Algunas dificultades
Porque él habla; de eso estamos convencidos. Sin embargo, podemos traer a cuestas algunas dificultades para «sintonizar» con Dios:
– quizás nuestro mal número uno: la dispersión. Vivimos «centrifugados», en mucho sitios a la vez. De una parroquia a otra, de una reunión a otra, de la reunión a las clases…
– la prisa y la superficialidad: como andamos dispersos, vamos generalmente siempre corriendo. Y por eso grabamos poco, registramos poco las experiencias que vivimos. Tenemos sensaciones, impresiones, bombardeados a toda velocidad, pero la realidad nos cala poco.
– Inconscientemente podemos hacer de la oración «una reunión de trabajo» de la que sacar conclusiones (para preparar la homilía, para revisarme). Estos días solo nacen de la pura gratuidad, del puro gusto de «estar con él», aunque al final no sacase nada nuevo en claro.
Se trata de estar con aquel que sabemos que nos quiere; de mirarlo para que nos enseñe, para parecernos a él, para que nos dé forma según su molde; se trata de dejarnos mirar por él para que nos dé unos ojos que miren el mundo como los suyos.
Para situarnos
Esta noche podemos ponernos tranquilamente delante del Señor. Llegamos a los ejercicios casi siempre bastante cansados y, a la vez, con la conciencia de que no hemos venido principalmente a descansar.
– No nos vendrá mal escuchar lo de Jesús a los discípulos: «Venid aparte a un lugar solitario y descansad un rato» (Mc 6, 31).
– Puede servirnos el texto de Mc 1, 35: «de madrugada, muy oscuro todavía, se levantó. Salió y se fue a un lugar solitario y allí estuvo orando» o cualquiera de los que presentan a Jesús orando solo. Jesús sale y posiblemente contempla a oscuras la ciudad. Contempla su actitud, cómo pone ante el padre los nombres, los rostros de los enfermos del día, de los pecadores perdonados, de los fariseos inoportunos, de tanta gente sencilla agradecida… Puedes unirte a él en el contenido de su oración: «Padre…»

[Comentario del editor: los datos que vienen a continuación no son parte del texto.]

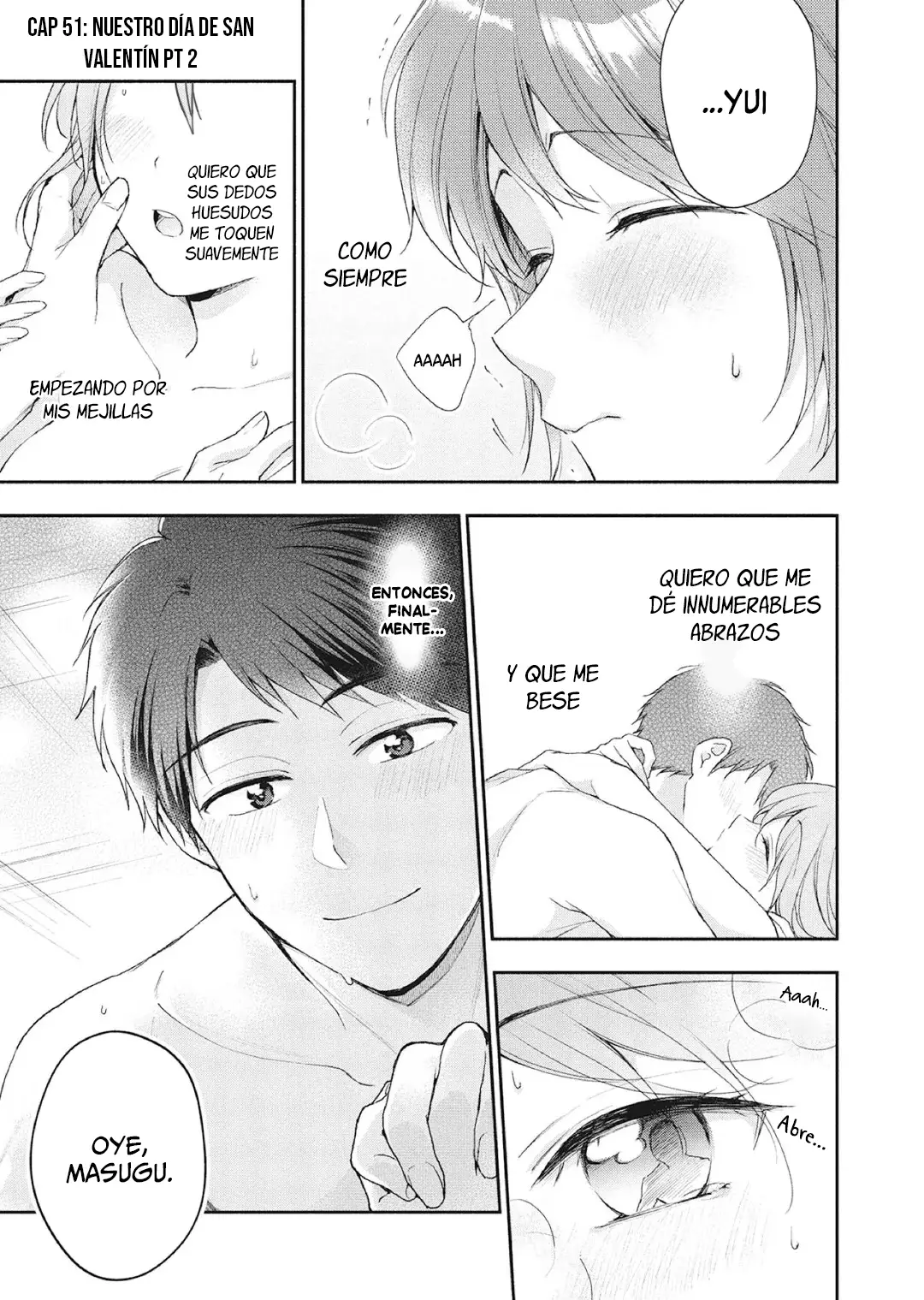 Read PODEMOS GUARDAR ESTE SECRETO_ ES Manga Online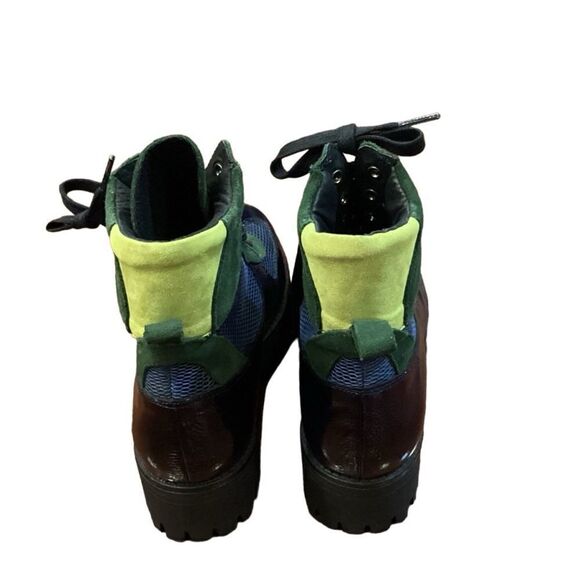 Cuple Combat Boots Sz EU 37 - Picture 11 of 15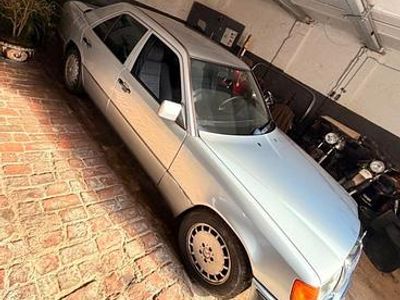 Gebraucht Mercedes E320 220 PS (161 kW) 1992 Limousine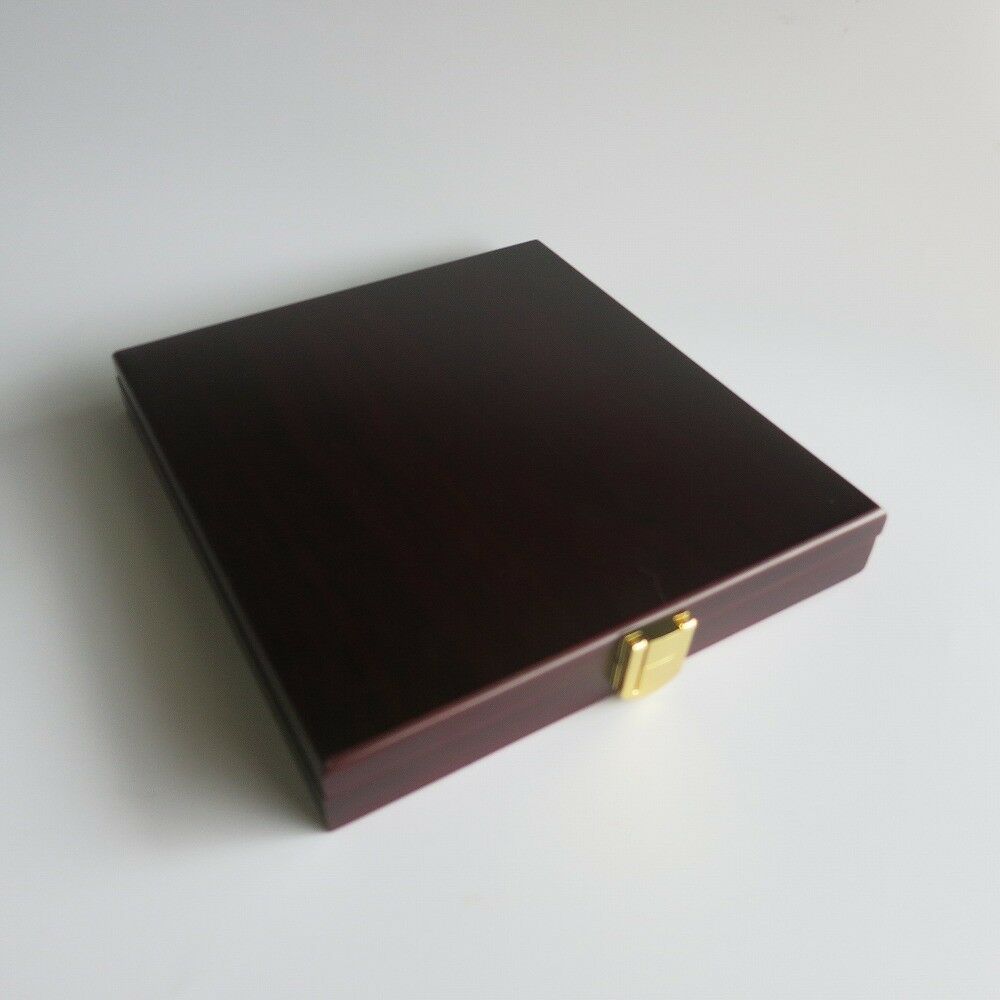 GF1123B Set of 10PCS Watch Repair Screwdrivers with Weight Sleeves in Wooden Box - Fresh Stock Dated December 2025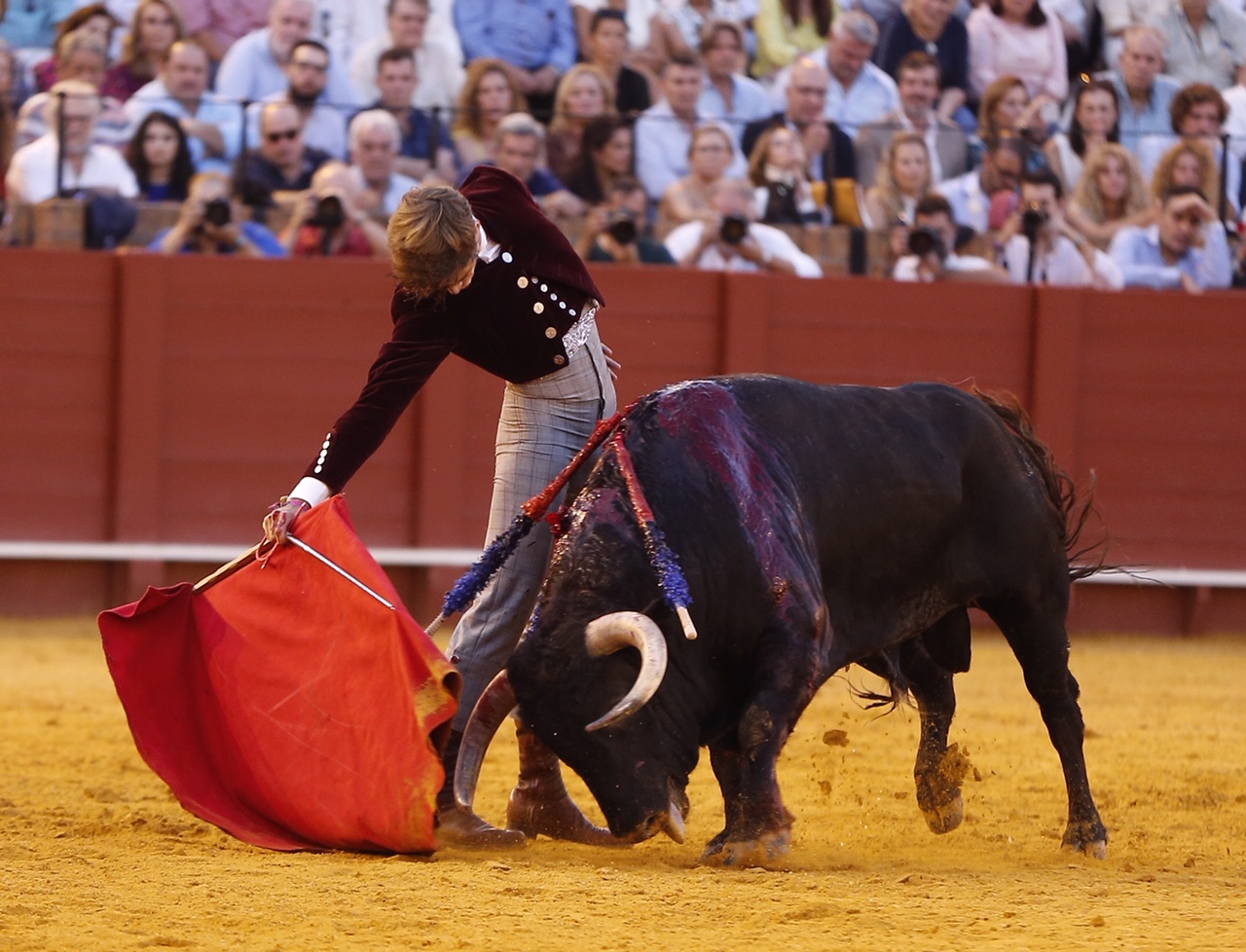 Sevilla, sábado 12 de octubre de 2019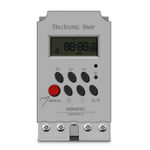 TEMPORIZADOR DIGITAL KG316T-II 25A BIV SIBRATEC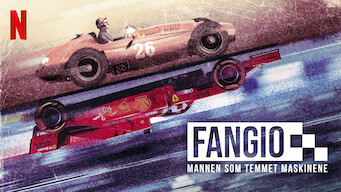 Fangio – Mannen som temmet maskinene (2020)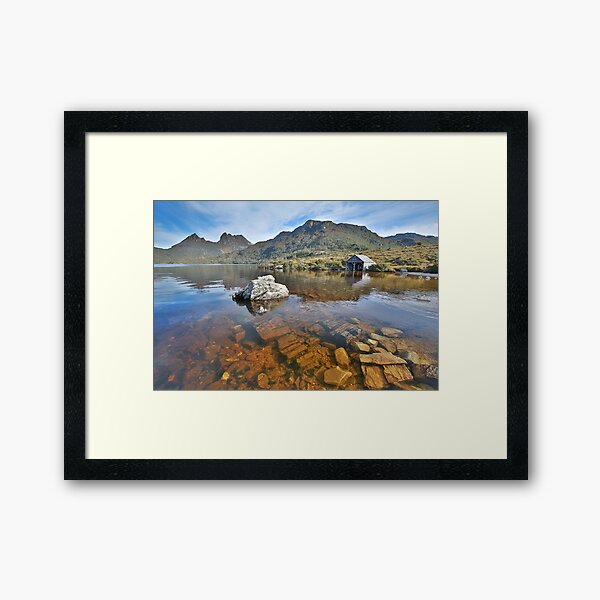 Item preview, THE BOAT SHED designed and sold by BenClarkImagery.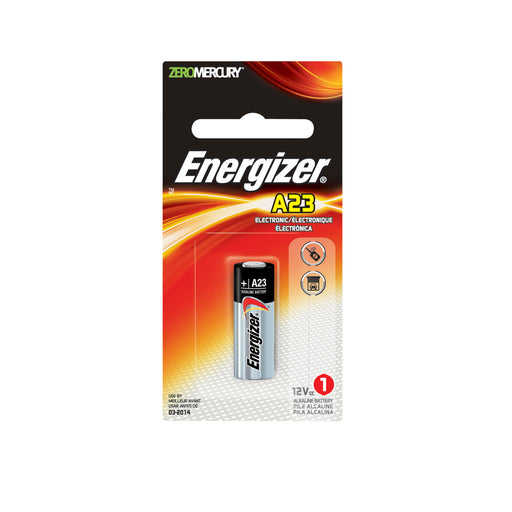 Energizer Energizer Battery Inc. A23BPZ Battery Alkaline 12V MAH:40 Button Batteries reLink Medical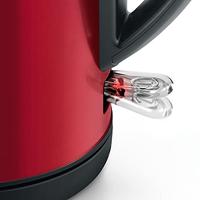 Bosch Haushalt TWK3P424 Waterkoker Aantal/Volume: 1.7 l Rood - thumbnail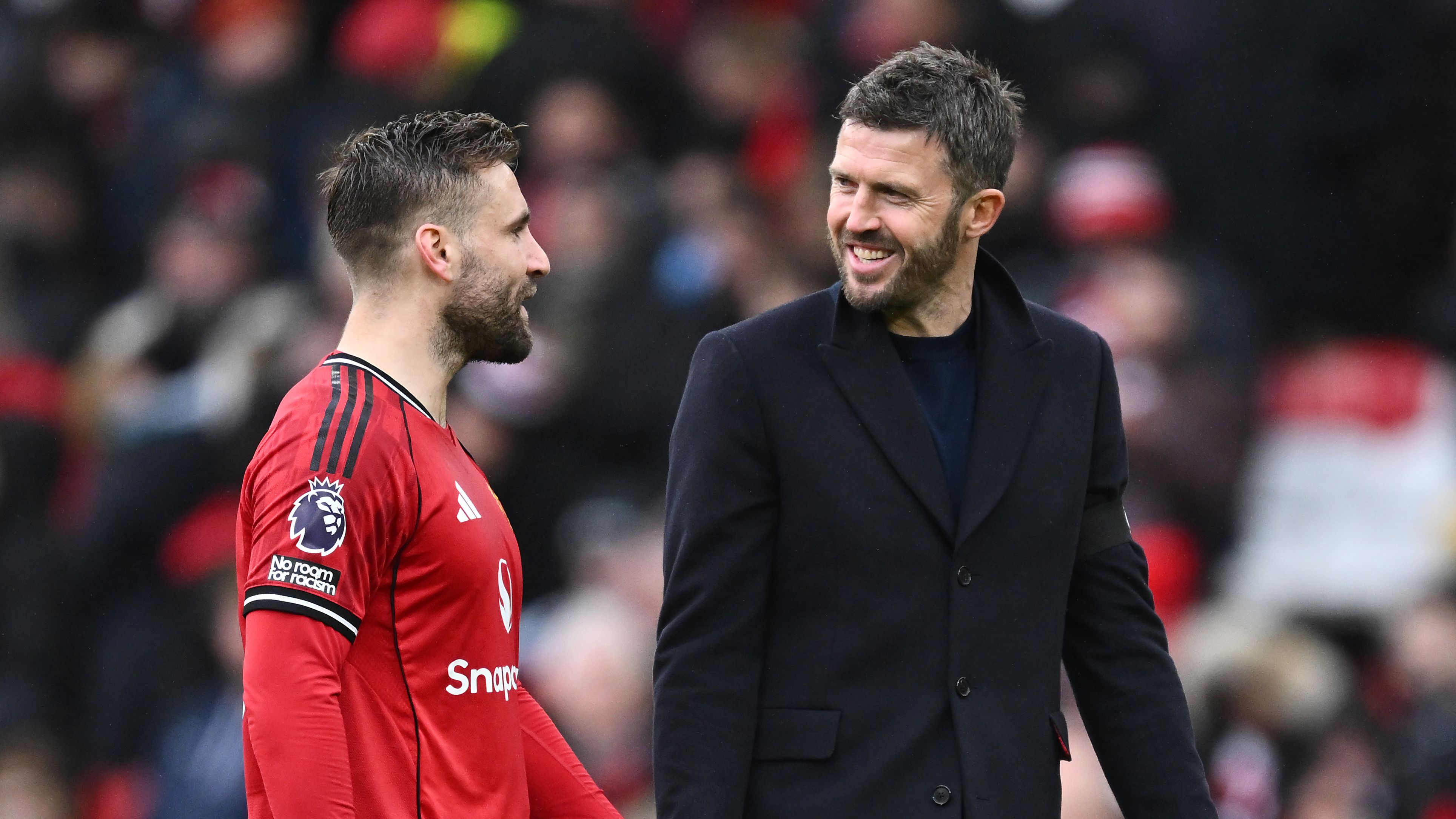 Manchester United v Tottenham Hotspur - Premier League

– Quizás pueda ayudarnos una mirada agradecida a lo que he vivido en el último año, o en el último periodo que me resulte importante. Repasar los acontecimientos, las personas «que traigo en el equipaje», los sentimientos con los que he vivido… y ponérselos por delante al Señor, sin censuras, sin disimularlos, tal cual los llevo dentro, pero intentando descubrir siempre su paso por mi historia. Podemos dedicar a esa mirada un primer rato de oración.
No se trata de mera introspección, sino de redescubrir cómo mi historia ha sido acompañada, como la hemos vivido entre dos. Nuestra historia siempre se vive en plural… Pretendemos vivir estos días en compañía, acompañados por Jesús, cultivando esa sintonía de corazones que es la amistad.
Lo único que cuenta es «ser puestos con él». En la vida y en la muerte, solo nos salva comer el mismo pan de Cristo, es decir, ser simple y literalmente «compañeros» (cum-panis, «los que comen el mismo pan») […]. Con los años, la vida del Maestro y la del discípulo auténtico se entretejen de modo cada vez más estrecho, hasta el punto de no distinguirse dónde acaba el propio yo y dónde comienza el suyo. Tanto que, como cantaba Felipe Neri, «yo en vos y vos en mí nos vamos cambiando». La vida eterna es más una cuestión de «compañía» que de méritos (G. Forlai).
– O puede ser bueno, tranquilamente, mirar adelante y preguntarnos delante del Señor: ¿qué espero de los ejercicios? ¿Qué le pido al Señor estos días? ¿Qué me hace falta? Al Señor nadie le gana en generosidad. Lo nuestro es extender la mano como niños y pedir…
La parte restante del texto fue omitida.